[Stored items]
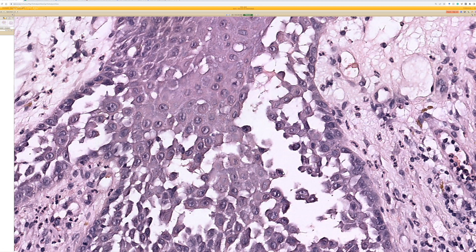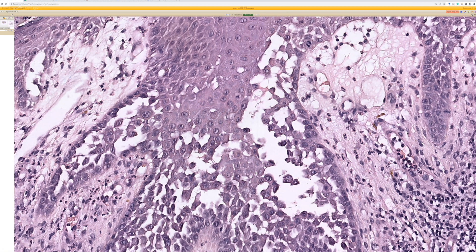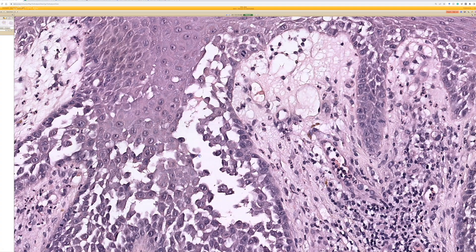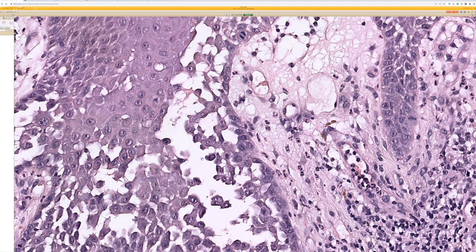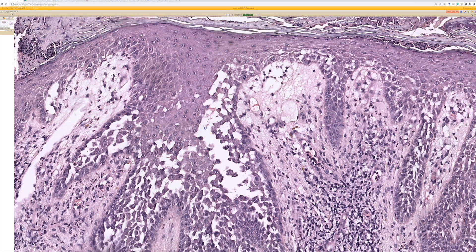Acantholysis combined with dyskeratosis brings to mind warty dyskeratoma, as discussed earlier, Grover's disease, Darier's disease, and others. But when we see acantholysis usually without the rounded dyskeratosis, we think of Hailey-Hailey disease, which is what this is.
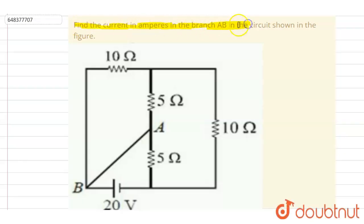Hello everyone. Find the current in amperes in the branch AB in the circuit shown in the figure. So if you see, this is the diagram.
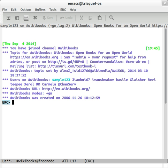ERC can highlight nicks and text for conversation tracking, highlight and optionally remove control characters, and allows URLs, nicknames, and text to be converted to buttons.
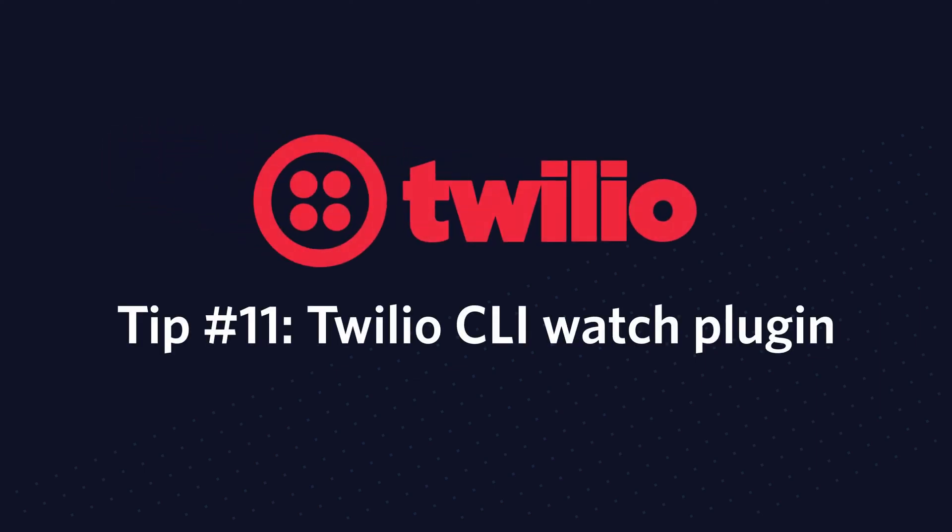Welcome to Twilio Tip Tuesday. Twilio tips are never longer than two minutes, so let's get started. Tip number 11 is the Twilio CLI Watch Plugin.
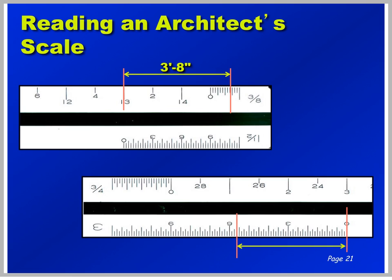On the bottom scale, we're reading the 3-inch scale — this whole area equals 1 foot. See if you can read what the dimension is from the zero mark on over. The answer is 5 and 5/8. You have 1, 2, 3, 4, 5 inches. From here to here equals an inch, so the first thing to figure out is the smallest tick mark. The smallest tick mark is 1/8 of an inch, so we have 5 and 5/8 inches. Final answer: 5 and 5/8.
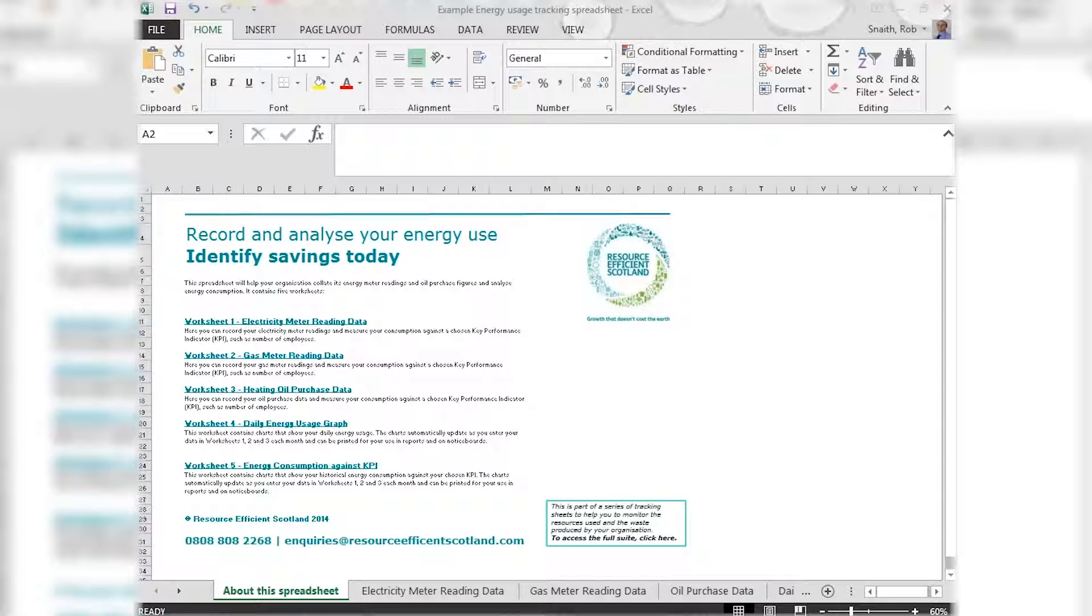To help you begin to do this, Resource Efficient Scotland has a free online spreadsheet tool which you can download and tailor to make it most suitable for your organization. The spreadsheet offers a simple way to collate your energy usage data and purchase costs and to begin to analyze that consumption. So let's take a look at the spreadsheet.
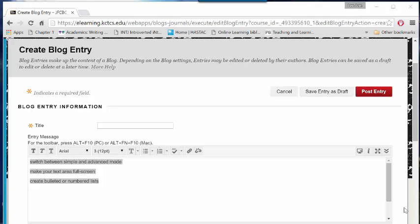Make your text area full screen. Create bulleted or numbered lists.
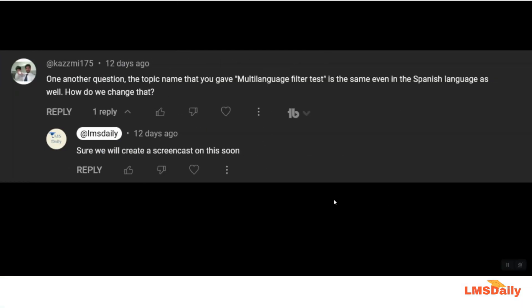Hello friends, welcome back to lmsday.com. In today's video we will try to answer the query raised by one of our audience.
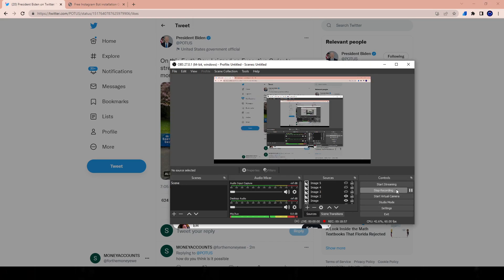Thank you guys for watching. This is how to use the tool. I'll leave a link in the description box to the tool and also in the pinned comment. It's a phenomenal tool and it does the job really well. In the future I'm going to be making more videos on using the tool. Talk to you later — peace out, bye.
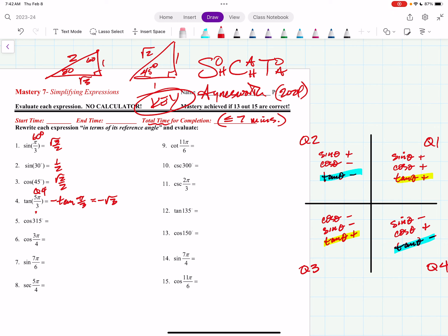Cosine of 315 degrees — that's quadrant 4. Cosine is positive there, so this is equivalent to cosine of 45 degrees, which is root 2 over 2. Cosine of 3 fourths pi — that's quadrant 2. Cosine is negative there, so this is negative cosine of pi fourths. That's your reference angle, and so that's negative root 2 divided by 2.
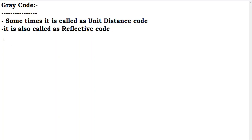If you have a grey code and you have a decimal number or a binary number, then you will find out the grey code. To find the grey code, an important topic is the XOR logic gate. This is the key idea, okay?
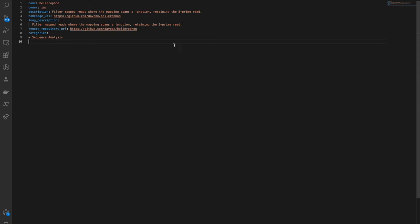It is made up of several parameters, the main important ones being name, which is the reference name for the tool within the Galaxy Toolshed,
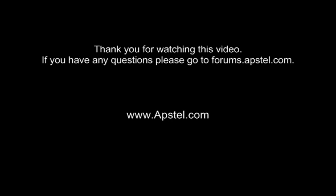If you have any questions please go to forums.apstel.com. Thank you.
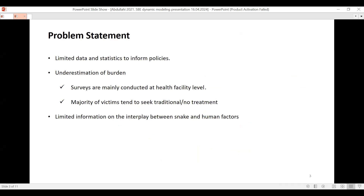Why mathematical modeling? The challenges facing snake bites that necessitate mathematical modeling include limited data and statistics — clinical studies have been done, but are majorly conducted at health facilities. Yet the majority of snake bite victims tend not to seek hospital care; they seek traditional treatment or conservative care, if any treatment at all. So we are underestimating because health facility data fails to capture all cases. There's also limited information on the interplay between snake bites and human factors, and this is where the strength of dynamic compartmental modeling lies.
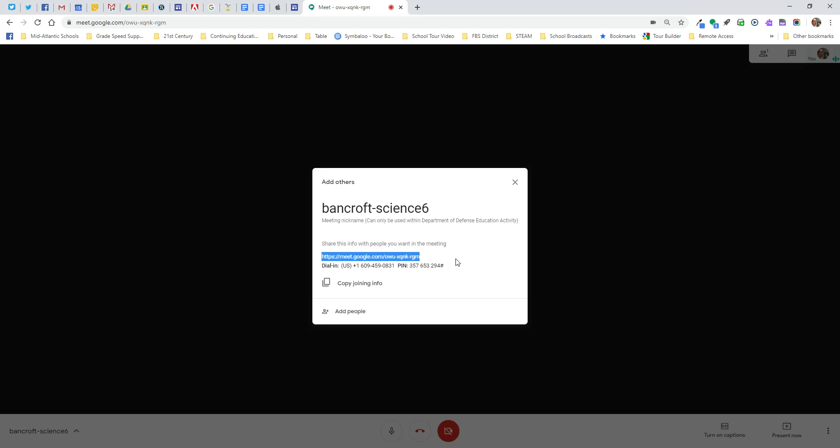So again this is for students. It only works inside the Department of Defense Education Activity. If I read the screen right here that's what it tells me. A little bit more secure.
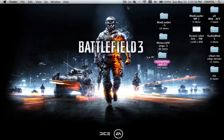Hey guys, today I'm going to show you how to install the Twilight Forest mod. I looked on the forum post and this mod looks insanely cool, so I chose it. I hope you guys like it. This is Twilight mod 1.2.5, Mac only. So I hope you guys enjoy it.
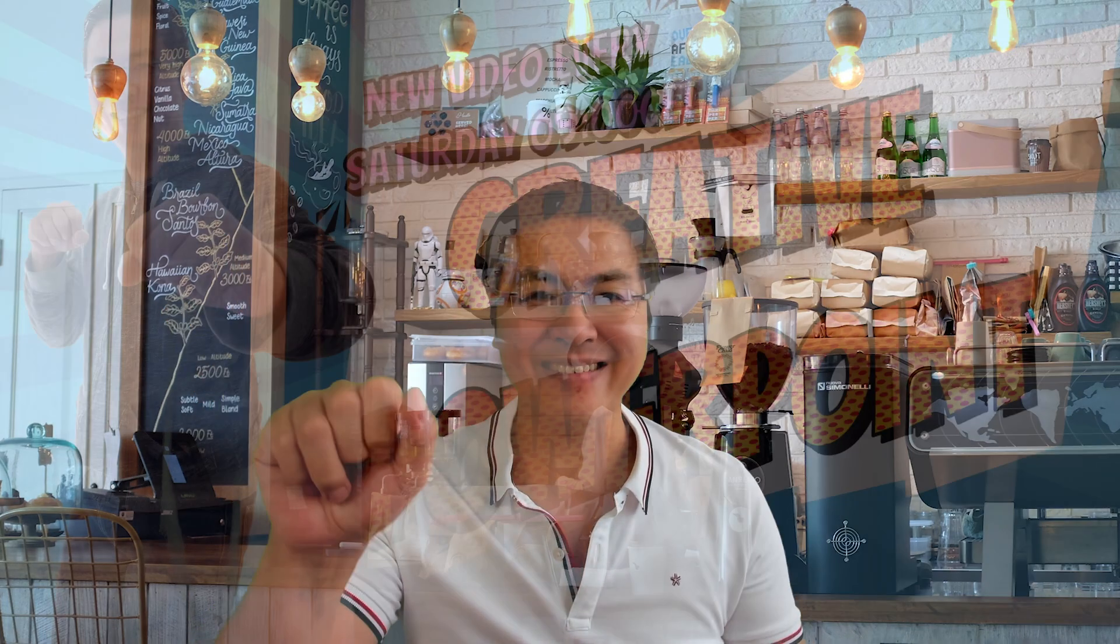Thanks for watching. Don't forget to like, comment, and subscribe. And I see you next week. Bye bye!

▶ **What to work on**
Hand back the records above exactly, leaving out every picture.

▶ **Finished task**
Acantholysis combined with dyskeratosis brings to mind warty dyskeratoma, as discussed earlier, Grover's disease, Darier's disease, and others. But when we see acantholysis usually without the rounded dyskeratosis, we think of Hailey-Hailey disease, which is what this is.
Hello everyone. Find the current in amperes in the branch AB in the circuit shown in the figure. So if you see, this is the diagram.
ERC can highlight nicks and text for conversation tracking, highlight and optionally remove control characters, and allows URLs, nicknames, and text to be converted to buttons.
Welcome to Twilio Tip Tuesday. Twilio tips are never longer than two minutes, so let's get started. Tip number 11 is the Twilio CLI Watch Plugin.
On the bottom scale, we're reading the 3-inch scale — this whole area equals 1 foot. See if you can read what the dimension is from the zero mark on over. The answer is 5 and 5/8. You have 1, 2, 3, 4, 5 inches. From here to here equals an inch, so the first thing to figure out is the smallest tick mark. The smallest tick mark is 1/8 of an inch, so we have 5 and 5/8 inches. Final answer: 5 and 5/8.
To help you begin to do this, Resource Efficient Scotland has a free online spreadsheet tool which you can download and tailor to make it most suitable for your organization. The spreadsheet offers a simple way to collate your energy usage data and purchase costs and to begin to analyze that consumption. So let's take a look at the spreadsheet.
Make your text area full screen. Create bulleted or numbered lists.
Hello friends, welcome back to lmsday.com. In today's video we will try to answer the query raised by one of our audience.
Thank you guys for watching. This is how to use the tool. I'll leave a link in the description box to the tool and also in the pinned comment. It's a phenomenal tool and it does the job really well. In the future I'm going to be making more videos on using the tool. Talk to you later — peace out, bye.
Cosine of 315 degrees — that's quadrant 4. Cosine is positive there, so this is equivalent to cosine of 45 degrees, which is root 2 over 2. Cosine of 3 fourths pi — that's quadrant 2. Cosine is negative there, so this is negative cosine of pi fourths. That's your reference angle, and so that's negative root 2 divided by 2.
If you have a grey code and you have a decimal number or a binary number, then you will find out the grey code. To find the grey code, an important topic is the XOR logic gate. This is the key idea, okay?
It is made up of several parameters, the main important ones being name, which is the reference name for the tool within the Galaxy Toolshed,
If you have any questions please go to forums.apstel.com. Thank you.
Why mathematical modeling? The challenges facing snake bites that necessitate mathematical modeling include limited data and statistics — clinical studies have been done, but are majorly conducted at health facilities. Yet the majority of snake bite victims tend not to seek hospital care; they seek traditional treatment or conservative care, if any treatment at all. So we are underestimating because health facility data fails to capture all cases. There's also limited information on the interplay between snake bites and human factors, and this is where the strength of dynamic compartmental modeling lies.
So again this is for students. It only works inside the Department of Defense Education Activity. If I read the screen right here that's what it tells me. A little bit more secure.
Hey guys, today I'm going to show you how to install the Twilight Forest mod. I looked on the forum post and this mod looks insanely cool, so I chose it. I hope you guys like it. This is Twilight mod 1.2.5, Mac only. So I hope you guys enjoy it.
Thanks for watching. Don't forget to like, comment, and subscribe. And I see you next week. Bye bye!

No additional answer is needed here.